NHS Impact - Embedding Continuous Improvement Into Health and Care Masterclass


First speaker, David Fillingham, CBE, Chair NHS Improvement Board described the aims and methodology of NHS Impact.

NHS Impact was created as a result of the Delivery and Continuous Improvement Review led by Anne Eden, Regional Director for the South East. NHS Impact aims for NHS to become the fastest improving healthcare system in the world.

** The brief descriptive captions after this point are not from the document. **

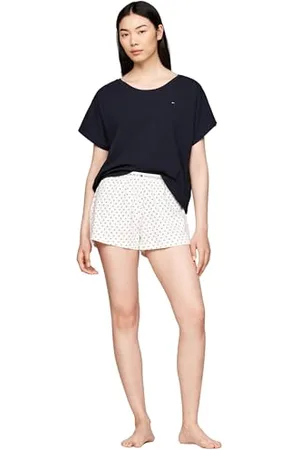 Tommy Hilfiger Damen Pyjama-Set Jersey mit Stretch, Mehrfarbig (Desert Sky/Star Ancient White AOP), XL
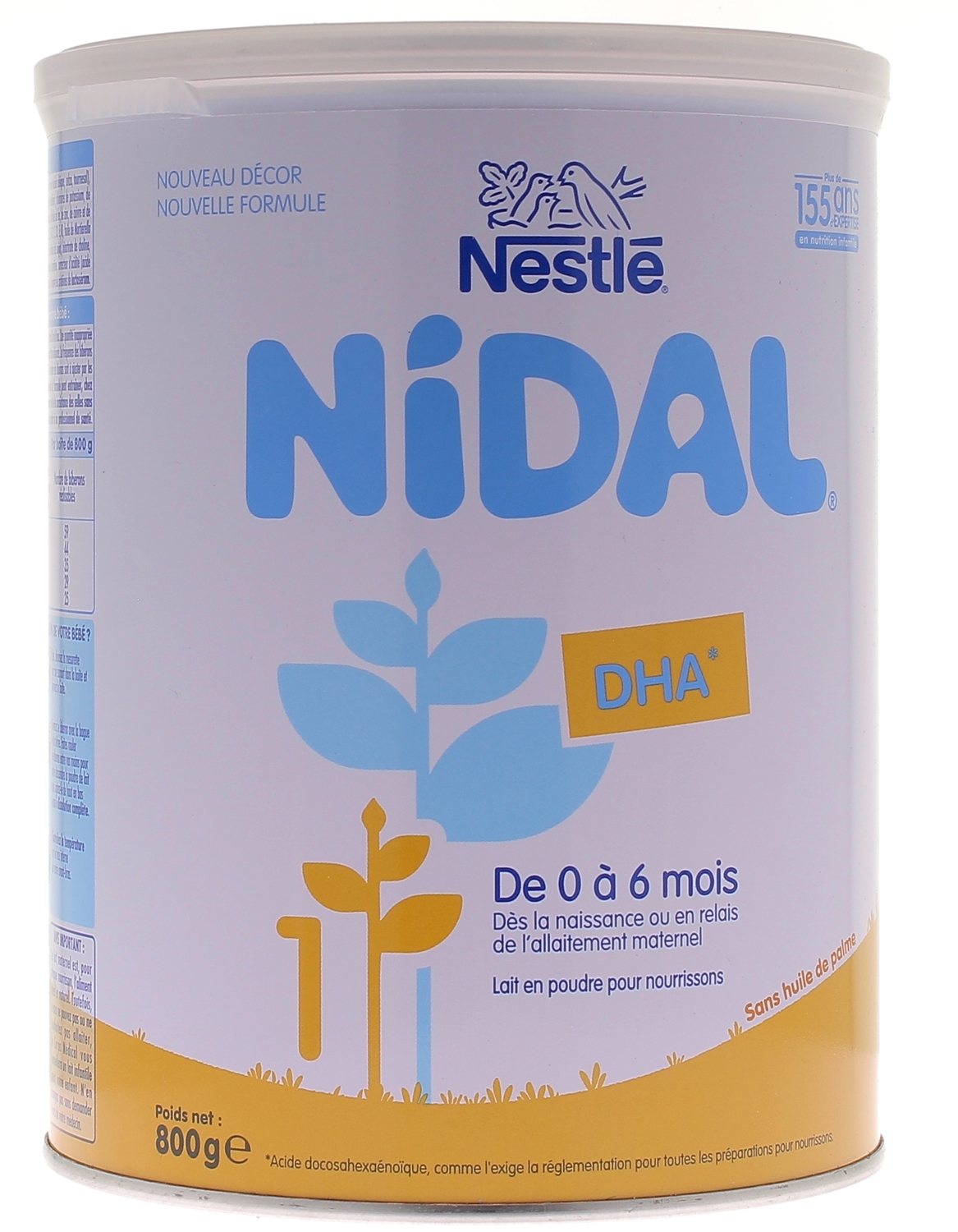 Nestlé Nidal 1 Lait bébé 1er âge en poudre de 0 à 6 mois - Boîte de 800g :  : Epicerie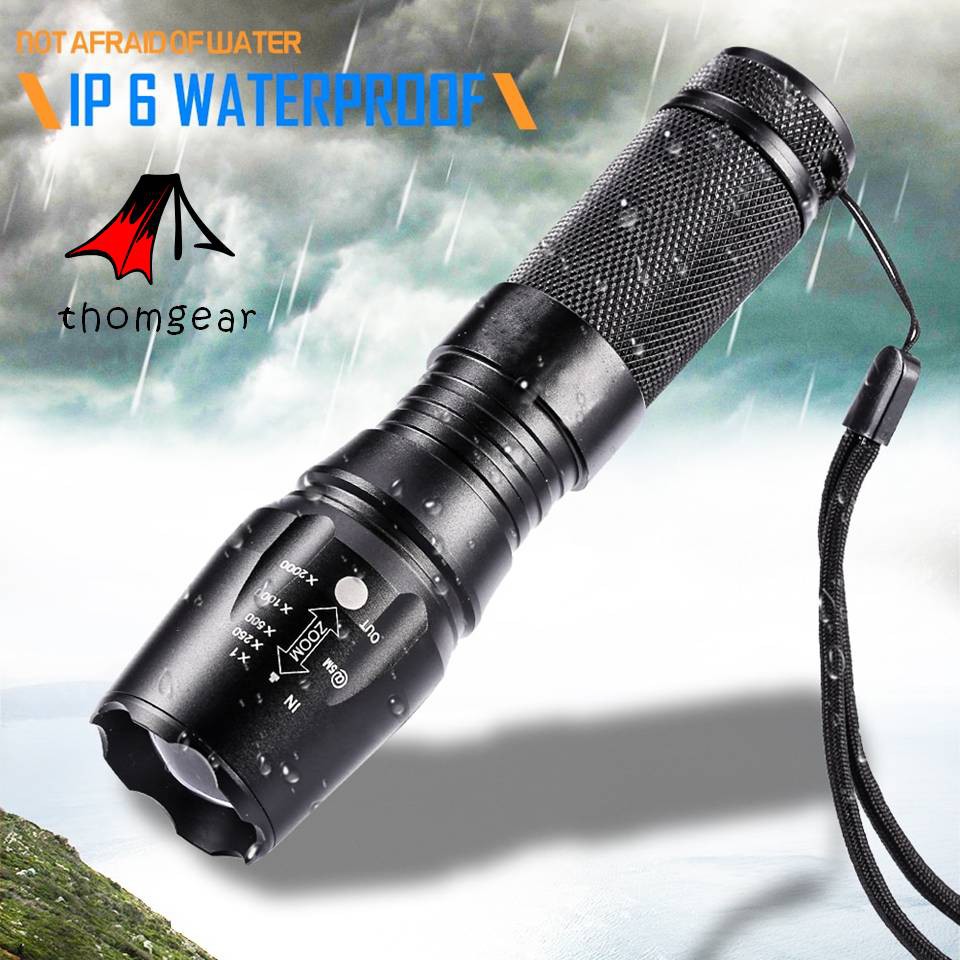 Thomgear Taffled Senter Swat Tactical Led Cree Xml-T6 3000 Lumens + Baterai + Charger + Box - E97 Jm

Every NHS provider that has achieved a rating of “outstanding” from the CQC has a systematic approach to quality improvement. There are five components that form the ‘DNA’ of all evidence-based improvement methods
1.    Building a shared purpose and vision
2.    Investing in people and culture 
3.    Developing leadership behaviours 
4.    Building improvement capability and capacity 
5.    Embedding improvement into management systems and processes

When these five components are consistently used, systems and organisations create the right conditions for continuous improvement and high performance, responding to today's challenges, and delivering better care for patients and better outcomes for communities.

Professor Sir Chris Ham discussed the Improving health and care at scale Report. He stated that it needs realism in how long the improvement journey will take and the importance of consistency and purpose and from national leaders. The current government is keen to focus on reform not investment therefore change and improvement is the way forward.

There is innovation and improvement at ICS level, most systems have set ambitious goals for improving population health – as well delivery of care. Data about need and demand are being used to develop actionable insights for improvement. Sir Chris examined two different approaches in North East and North Cumbria and Lancashire and South Cumbria showcasing how improvement is happening and what the next steps are.

Erica Daley, NHS Place Director at Hull Humber and North Yorkshire Integrated Care Board provided a detailed case study. The ICS is the largest in country, with high levels of depravation within the local population. Hospital discharge was identified as a local system problem. She described the development of the of Discharge Collaborative, and shared the learning of changing the commissioning approach with the aim of improving patient experience, relieving pressure on health and care services and embedding the voluntary section in local services.